Thursday, June 25, 2009
In my search for the perfect car to replace my current one, I have stated that I am in no hurry: mine is pretty fuel efficient, relatively low-mileage and has been a great car to own and drive. Above is a picture of the Tesla S, an all-electric car that should be available when mine is ready for replacement and can go up to 300 miles on a single charge. Now we are talking my language!
Anyway, the idea that I would hasten to trade-in my current car raises some interesting general equilibrium issues as I have mentioned: what does this do to the used car market, the volume of new car production, etc.
The new 'Cash for Clunkers' bill is a good vehicle to use to discuss these issues. In it, if you have a relatively low mileage car (18 mpg or less) no older than a 1984 model, you can get a voucher worth up to $4,500 for trading-in that car and buying one with significantly higher mileage. But will this lower fuel consumption and emissions? It is not clear. First, with all of these traded-in high mileage cars on the used car market we can expect the price to be pushed down significantly which will increase quantity demanded even with the high mileage. So people will buy these cars that might not have bought at car at all or who would have bought a higher mileage car. Second, this may lower the threshold for scrapping cars and increase the production of new cars which is pretty energy intensive one imagines. So will the net effect be a reduction in carbon emissions? I am doubtful.
Wednesday, June 24, 2009
Two soccer stories pop up at the same time making for one efficient blog post. And I know you all turn to the Oregon Economics Blog for your soccer news...
The USA soccer team defeated world number one Spain 2 to 0 in South Africa today in the FIFA Confederations Cup. Spain is far and away more talented top to bottom, but soccer is the ultimate team game and the USA just plain wanted it more. Bravo. They will now likely face Brazil on Sunday as Brazil play South Africa tomorrow. But after today, don't count South Africa out, especially as they are playing at home.
Closer to home, the Portland City Council did the right thing and decouple the Beaver's search for a new stadium and the MLS to PGE park deals. Bravo again. Without this, MLS in Portland would certainly have been scuttled. As I have said many times, is there is better model for the viability of PGE Park than MLS? I don't think so. The Beavers are leaving anyway, best to focus on how to save PGE Park from being a budgetary black hole and provide another entertainment option for poor deprived Portlanders.
Now at the risk of sounding like the crank extraordinaire, Jack Bog, whose rants to me are entirely pointless - what the heck is up with Amanda Fritz? She does not seem very engaged and her stance against the stadium deal is without nuance or sense. I worry that she gets the static picture but not the dynamic one when it comes to economic growth and financial stability. Even Fish is on board with this one...
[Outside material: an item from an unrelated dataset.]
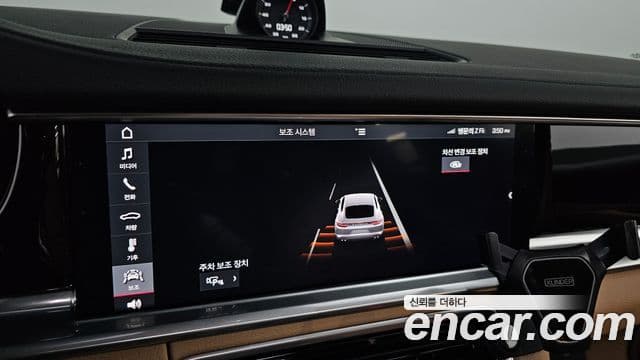 Porsche Panamera (971), 2018 17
In my previous quick post about pondering the decision to trade in my car for a Prius I was trying to make the simple point that MPG figures can be misleading in terms of how much going up in fuel efficiency can reduce overall gas consumption. I mentioned that a 5 MPG bump when you start at 15 MPG is better than a 20 MPG bump when you start at 30 MPG. But as I was writing it I could not help but start to think about the general equilibrium aspects of the question (I am an economist after all - once you have swallowed the red pill there is no going back). What I wrote about was really the partial equilibrium - the cost to me all else remaining the same.
The interesting comments I received make me even more curious to know the answers to questions like: What are the effects on the used car market and on overall energy consumption if high mileage cars start accumulating? What are the effects on the markets for inputs (commenter Stacy mentions Lithium mining)? What about the energy inputs into the manufacture of a new car (as Becky mentions), should trading in a relatively new car give me pause? I mentioned the Prius, but until the new one's better mileage ratings, I had assumed that a new 'clean' diesel would be the better option given the preponderance of highway driving I do (as Spencer and Oliver mention), is this a better option? What about the disposal of all those batteries (again, as Stacy mentions)? And, finally, how much should I expect from the promises of newer and better technologies coming soon? The Volt sounds pretty good, for example, but Spencer is a skeptic.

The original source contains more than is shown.